Le PS conservant sa place au sein de la majorité à la Fédération, il est peu probable que sa domination se soit fortement atténuée en un an… 24,14 % des hauts postes vont par ailleurs au CDH, 1,72 % à Ecolo, et 0 % (!) au MR ! 5,17 % des postes sont encore occupés par des hauts fonctionnaires non étiquetés. Le MR, qui ne comptait que deux hauts fonctionnaires en 2015, n’en possédait plus aucun en 2017.
Le Gerfa s’est également penché sur la situation bruxelloise. Les données récoltées sont éclairantes, même s’ils datent de 2014 et que les données ont pu évoluer . S’agissant de la Région bruxelloise, donc des 5,000 agents des services publics de la Région bruxelloise (SPRB), une importante politisation a été constatée également au sein des fonctions dirigeantes. Elle est cependant plus diversifiée qu’en Wallonie. Au sein du groupe linguistique francophone, le PS atteint presque 50 % (47 %), soit un score proche de celui atteint au SPW. Sur la totalité, il n’atteint "que" les 27,21 %, ce qui en fait cependant, de loin, le parti le plus puissant. Le CD&V suit avec 25,17 % (59,68 % au sein de son groupe linguistique). Vient ensuite l’Open-VLD avec 13,61 %, puis le CDH (13,60 %), Ecolo (6,80 %), le MR (6,80 %) et le SPA (3,4 %). "Les grands bénéficiaires sont le PS. Mais aussi les partis flamands qui sont surreprésentés pour un électorat de moins de 10 % !", analyse le Gerfa.
La percée du MR : "Ce n’est pas choquant"
La percée de hauts fonctionnaires MR au sein de l’administration wallonne ne surprend pas Marie Goransson, professeur en management public de l’ULB. "Le nouveau système en vigueur en Wallonie et à la Fédération Wallonie-Bruxelles laisse le choix au politique dans la sélection", contextualise-t-elle. "Que des personnes étiquetées MR puissent avoir été nommées après l’accession de ce parti à la majorité n’est pas choquant. Si l’on veut que l’administration et le politique collaborent, il faut une plus grande confiance. Ils peuvent ainsi recruter quelqu’un qui correspond à leur politique. Mais cette personne doit figurer dans le pool de lauréats ayant réussi l’examen de management de l’EAP ."

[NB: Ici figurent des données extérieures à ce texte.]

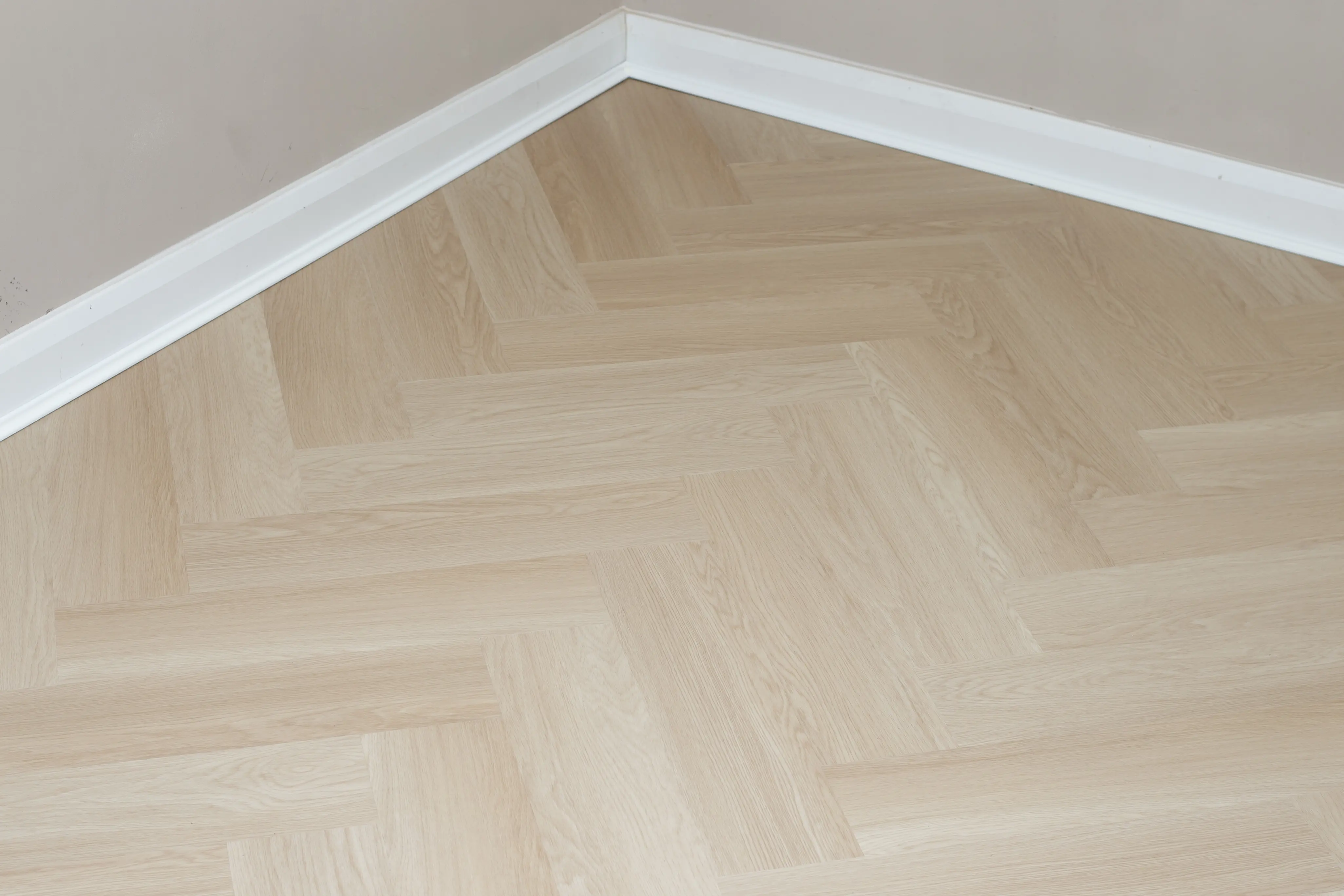 Pale Limed Oak 6mm Herringbone SPC Click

En effet, au niveau wallon, les hauts fonctionnaires sont désormais nommés par mandat, d’une durée de 5 ans, comme celle de la législature politique. En cas de changement de majorité aux élections, ils peuvent être remplacés. Le système fédéral fonctionne différemment. "Et c’est dommage, car il y a une inadéquation entre la durée du mandat du fonctionnaire et celui du politique. C’est un système mi-figue-mi-raisin", reprend Marie Goransson. "L’objectif, c’est d’avoir des gens de qualité aux postes importants. Il ne s’agit pas ici de clientélisme pur, avec des personnes qui n’ont pas les qualités pour le poste. Le problème réside plutôt dans la trop grande importance des cabinets. Pour changer cela, il faut justement améliorer progressivement la confiance entre l’administration et le politique."